However, if the mediation of emotion might work well as far as accounting for the association between rough shapes/objects and harsh sounds is concerned, it seems less useful when it comes to interpreting consistent findings on the audiovisual association between auditory roughness and colours. In fact, when the participants were asked to match colours with sounds that varied in terms of their roughness, they tended to match dark colours with very rough sounds, while less rough sounds were matched with light colours (Sun et al., 2018). In particular, roughness has been associated with green, cyan, purple, orange, but not with red and yellow (see Fig. 5). Additionally, roughness has also been associated with low lightness in sound-lightness mappings. These findings apparently could not be explained in terms of emotional mediation, as previous literature suggested that colours that have been associated to rough sounds in the study, e.g., such as green and purple, elicit a pleasant effect on the beholder (e.g., Valdez & Mehrabian, 1994).

Fig. 5
figure 5

Plot depicting the frequency with which the different hues were selected for different values of roughness. The seven colors are shown along the x-axes, each color has four different values corresponding to the four levels of roughness (Reprinted from Sun et al., 2018). (Color figure online)

However, according to the findings reported by Palmer et al. (2013), red and yellow are generally associated with pleasant emotions (happiness), thus at least partially converging with Sun et al.’s (2018) study, in which the participants did not match those hues to roughness. The association between low lightness and roughness might be in line with Palmer et al.’s study.
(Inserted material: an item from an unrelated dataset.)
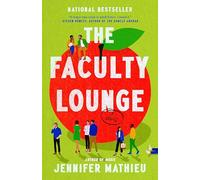 The Faculty Lounge: A Novel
Therefore, given that the association between emotions and hues occurred in experiments based on different protocols, a number of methodological issues arise (e.g., regarding the use of different colour samples or the terms used to characterize participants’ responses) that make it hard to provide a unique interpretation for different findings. For example, while “pleasantness” universally identifies a positive reaction to a stimulus (e.g., a colour), it still leaves open the question about what elicits such an association. Some people, for instance, may associate pleasantness to a colour that they perceive to be relaxing, whereas others may put forward the same association of that hue as being somehow exciting. Thus, whether used for characterizing color samples or for comparing (ranking) colors, single “emotional” terms, such as pleasantness, even in the case of participants quantifying it assigning a value, might not be reliable in clearly assessing emotions in crossmodal association. Moreover, strong differences might exist in the emotional response to felt textures depending on individual factors. However, Wallmark et al. (2021) claim that the use of the term rough to talk about musical timbre and visual objects might be more than just be an arbitrary linguistic convention: “Perhaps we see brightness and spatial texture not just through eyes, but also (albeit faintly) through timbrally attuned ears” (p. 16). This drives us back at the core question at stake here, i.e., the possibility for intersensory, or amodal, stimuli quality to exist (see Spence & Di Stefano, 2022b).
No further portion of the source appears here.